Triton Stable, managed by Miller along with long-time business partner Lincoln Collins, forms partnerships in two-year periods and re-sells horses with the goal of offering residual racing value to potential buyers.

“We want to have a reputation to not only race fillies at a high level, but also sell fillies with plenty of fuel left in the tank,” Miller said. “Our idea is that we’re going to race them and we’re going to sell them in a couple of years…We’re in the buying and selling business–not just racing.”
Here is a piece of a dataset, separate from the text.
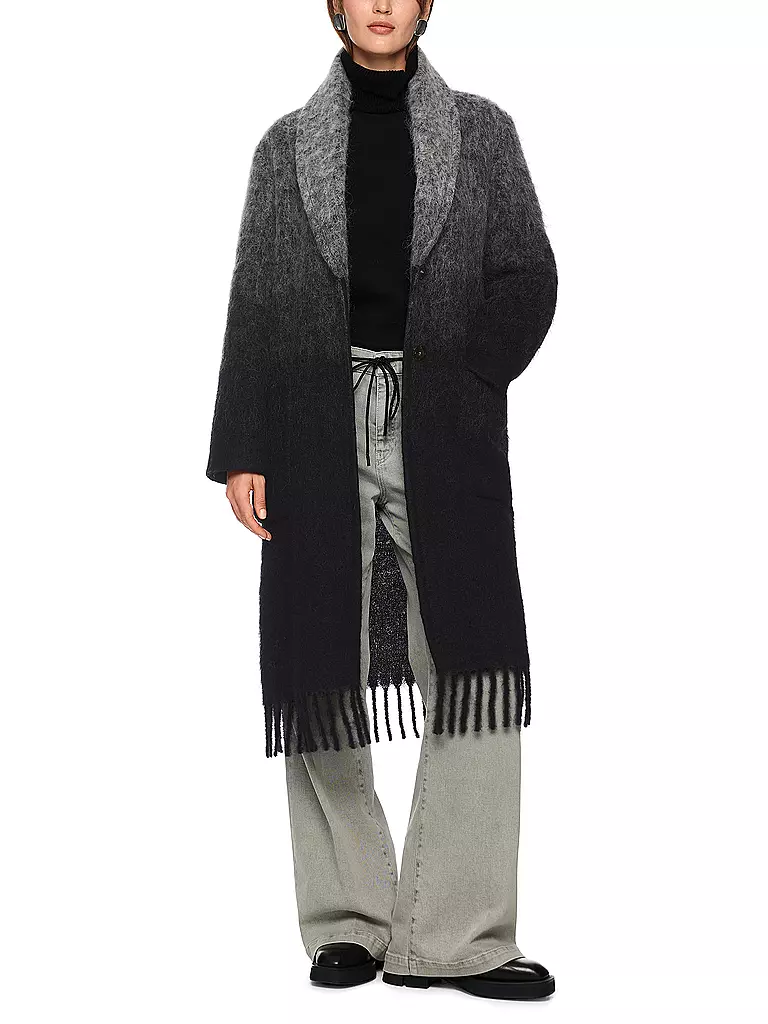 MARC CAIN | Manteau en laine |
Unlike many partnerships, Miller said the finite aspect of the Triton syndicates allow for greater flexibility in pursuing racing prospects. Focusing primarily on fillies and mares with upside and pedigree, partners can come and go as they please in two-year phases.

“Our model is a little different than a lot of other partnerships because what you do with us is write one check at the beginning of it and it covers all your expenses for two years,” Miller said.

“We sell all the horses after two years, and you get money back at the end of it. It works well because if we see a horse that we like, we just go after it and try to buy it. We’re not worried about calling to see who wants to take a piece–everyone in the partnership gets an equal piece of every horse.”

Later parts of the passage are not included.